国公立医学部合格には「センター試験で9割以上の得点が必要である」とよく言われますが、これは正しくありません。
しかし、この噂に振り回され、センター試験への戦略を間違えてしまう受験生が多いことも事実です。

センター試験に対する誤った考えとして、以下のものが挙げられます。

間違い①「センター試験で9割とれれば国公立医学部に合格できる」
間違い②「センター試験で9割以上得点しないと国公立医学部には合格できない」

これらは非常に多くの受験生に誤解されている考え方ですが、全く正しくありません。
(なぜ間違っているのかは、以下で具体的に説明します。)

それどころか、「センター試験9割とること」を最大の目標にして勉強してしまうと、医学部合格の可能性はむしろ下がってしまう恐れがあります。
巷の噂に振り回されず、正しい情報から戦略を立てて勉強しましょう。

「センター試験9割とれれば医学部に合格できる」はウソ

国公立医学部前期試験において、センター試験の得点のみで合格できることはまずありません
国公立医学部はセンター試験と二次試験の得点を合算し合否が決まるため、二次試験でもしっかりと得点しなければならないからです。

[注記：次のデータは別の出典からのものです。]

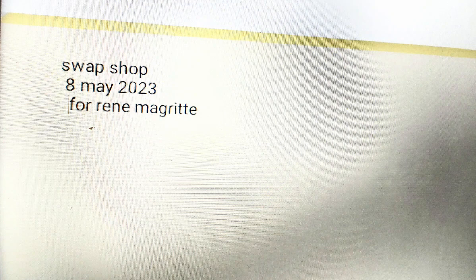This has been Swap Shop. Have a great day. You can do it.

二次試験は(大学ごとに難易度の差はあるものの)、どこの大学でも高いレベルの実力が要求されているのが現状です。

たとえセンター試験が9割に達していたとしても、二次試験(特に数学)が手も足も出なければ合格はありえません。
実際に、センター試験は9割とれていたのに不合格だったという方のご相談は毎年多くあります。その多くは、国語や社会に時間を費やしてぎりぎり9割とれたものの、二次力が十分についていなかったパターンです。
医学部では、もちろんセンター試験での高得点も大切ですが、それ以上に英数理の二次力が非常に重要なのです。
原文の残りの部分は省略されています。